Drink Dry, the leading non-alcoholic drinks marketplace in the Middle East, curates the finest alcohol-free beverages globally, spearheading the 'No and Low Alcohol' (NOLO) movement. Based in Dubai, the brand is preparing to honor the significance of the upcoming Holy month of Ramadan. Adgully recently interviewed Erika Doyle, the Founder of Drink Dry, to explore their strategies and preparations for Ramadan. Here are the excerpts:

How are the brands in the Middle East tailoring their marketing strategies/campaigns to resonate with the cultural nuances and significance of Ramadan?

Drink Dry launched a very unique and successful Golden Month campaign last year for the month of Ramadan. Instead of trying to bring something new to Iftar meals we went after the traditions of Ramadan and Iftar meals and made our products fit the traditions, instead of creating something entirely new.

Can you discuss specific examples of how you are incorporating traditional elements of Ramadan into your exclusive collections or marketing campaigns?

Our most successful Ramadan drink last year was Natureo Vimto Fizz. We took the classic Vimto drink that people enjoy during Iftars and have created a mocktail with a twist – we paired it with one of our best sellers Natureo Muscat Sparkling Grape. It was a perfect combination of classic and new mixed together.

In what ways are brands leveraging social media influencers and digital platforms to connect with consumers during Ramadan, while maintaining authenticity and respect for the occasion?

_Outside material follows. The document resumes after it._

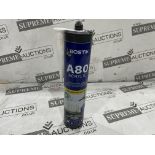 120 X 310ML BOSTIK A80 ACRYLIC DECORATION AND PAINT PROFESSIONAL GRADE ACRYLIC DECORATORS CAULK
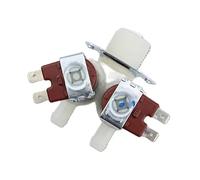 Compatibile for Haier lavatrice automatica a tamburo | Parte di ricambio for elettrovalvola doppia ingresso acqua, codice 0024000126B/FPS135-270G(Red style)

I think for Western brands this is always the biggest challenge. The brands have to be incredibly aware of the cultural nuances and make sure the influencers they work with are unique themselves. Drink Dry is a luxury F&B brand, and last year we partnered with female Arab chefs and influencers who are known for hosting dinners and sharing content around the same. We wanted to make sure that we partner with people who focus on tradition and host throughout the year and not just for a month during Ramadan. It must feel natural for the consumer; it can’t be fake or pretentious.

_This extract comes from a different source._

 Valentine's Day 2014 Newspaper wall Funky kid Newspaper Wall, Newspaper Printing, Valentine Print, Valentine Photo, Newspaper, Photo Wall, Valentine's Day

What challenges do brands face in balancing commercial objectives with the need to honour the spiritual and cultural aspects of Ramadan, and how are they navigating these challenges?

For us, this is very simple: the month of Ramadan is a time to honour our Muslim clientele. We eagerly anticipate making their Holy Month even more beautiful than it already is, showing respect and appreciation for their year-round support. Rather than commercializing our Muslim clients during Ramadan, we focus on gifting and sharing throughout the month. We also collaborate with local brands that share our values.